What Are Institutions?

Douglass North (1990, p. 3) offers the following definition: ‘Institutions are the rules of the game in a society or, more formally, are the humanly devised constraints that shape human interaction.’ Three important features of institutions are apparent in this definition: (a) they are ‘humanly devised’, which contrasts with other potential fundamental causes like geographic factors, which are outside human control; (b) they are ‘the rules of the game’ setting ‘constraints’ on human behavior; and (c) their major effect will be through incentives (see also North 1981).

The notion that incentives matter is second nature to economists, and institutions, if they are a key determinant of incentives, should have a major effect on economic outcomes, including economic development, growth, inequality and poverty. But do they? Are institutions key determinants of economic outcomes or secondary arrangements that respond to other, perhaps geographic or cultural, determinants of human and economic interactions?

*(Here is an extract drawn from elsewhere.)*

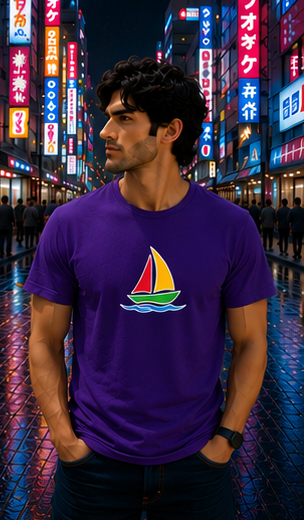 Boat Icon | Men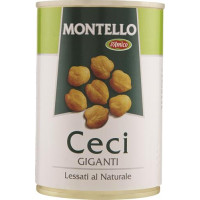 Montello Ceci giganti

Much empirical research attempts to answer this question. Before we discuss some of this research, it is useful to emphasize an important point: ultimately, the aim of the research on institutions is to pinpoint specific institutional characteristics that are responsible for economic outcomes in specific situations (for example, the effect of legal institutions on the types of business contracts). However, the starting point is often the impact of a broader notion of institutions on a variety of economic outcomes. This broader notion, in line with Douglass North’s conception, incorporates many aspects of the economic, political and social organization of society. Institutions can differ between societies because of their formal methods of collective decision-making (democracy versus dictatorship) or because of their economic institutions (security of property rights, entry barriers, the set of contracts available to businessmen). They may also differ because a given set of formal institutions is expected to, and does, function differently; for example, they may differ between two societies that are democratic because the distribution of political power lies with different groups or social classes, or because in one society democracy is expected to collapse while in the other it is consolidated. This broad definition of institutions is both an advantage and a curse. It is an advantage, since it enables us to get started with theoretical and empirical investigations of the role of institutions without getting bogged down by taxonomies. It is a curse, since, unless we can follow it up with a better understanding of the role of specific institutions, we have learned little.

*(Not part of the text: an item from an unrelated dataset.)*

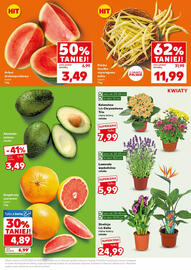 Kaufland gazetka Strona 11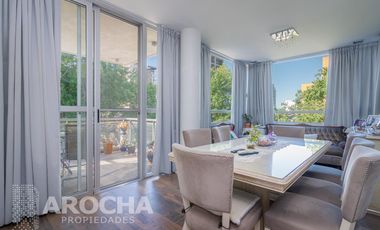 Departamento piso 3 ambientes en Quilmes centro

The Impact of Institutions

There are tremendous cross-country differences in the way that economic and political life is organized. A voluminous literature documents large cross-country differences in economic institutions, and a strong correlation between these institutions and economic performance. Knack and Keefer (1995), for instance, look at measures of property rights enforcement compiled by international business organizations, Mauro (1995) looks at measures of corruption, Djankov et al. (2002) compile measures of entry barriers across countries, while many studies look at variation in educational institutions and the corresponding differences in human capital. All of these authors find substantial differences in these measures of economic institutions, and significant correlation between these measures and various indicators of economic performance. For example, Djankov et al. find that, while the total cost of opening a medium-size business in the United States is less than 0.02% of GDP per capita in 1999, the same cost is 2.7% of GDP per capita in Nigeria, 1.16% in Kenya, 0.91% in Ecuador and 4.95% in the Dominican Republic. These entry barriers are highly correlated with various economic outcomes, including the rate of economic growth and the level of development.

Nevertheless, this type of correlation does not establish that the countries with worse institutions are poor because of their institutions. After all, the United States differs from Nigeria, Kenya and the Dominican Republic in its social, geographic, cultural and economic fundamentals, so these may be the source of their poor economic performance. In fact, these differences may be the source of institutional differences themselves. Consequently, evidence based on correlation does not establish whether institutions are important determinants of economic outcomes.

To make further progress, one needs to isolate a source of exogenous differences in institutions, so that we approximate a situation in which a number of otherwise identical societies end up with different sets of institutions. European colonization of the rest of the world provides a potential laboratory in which to investigate these issues. From the late 15th century, Europeans dominated and colonized much of the rest of the globe. Together with European dominance came the imposition of very different institutions and social power structures in different parts of the world.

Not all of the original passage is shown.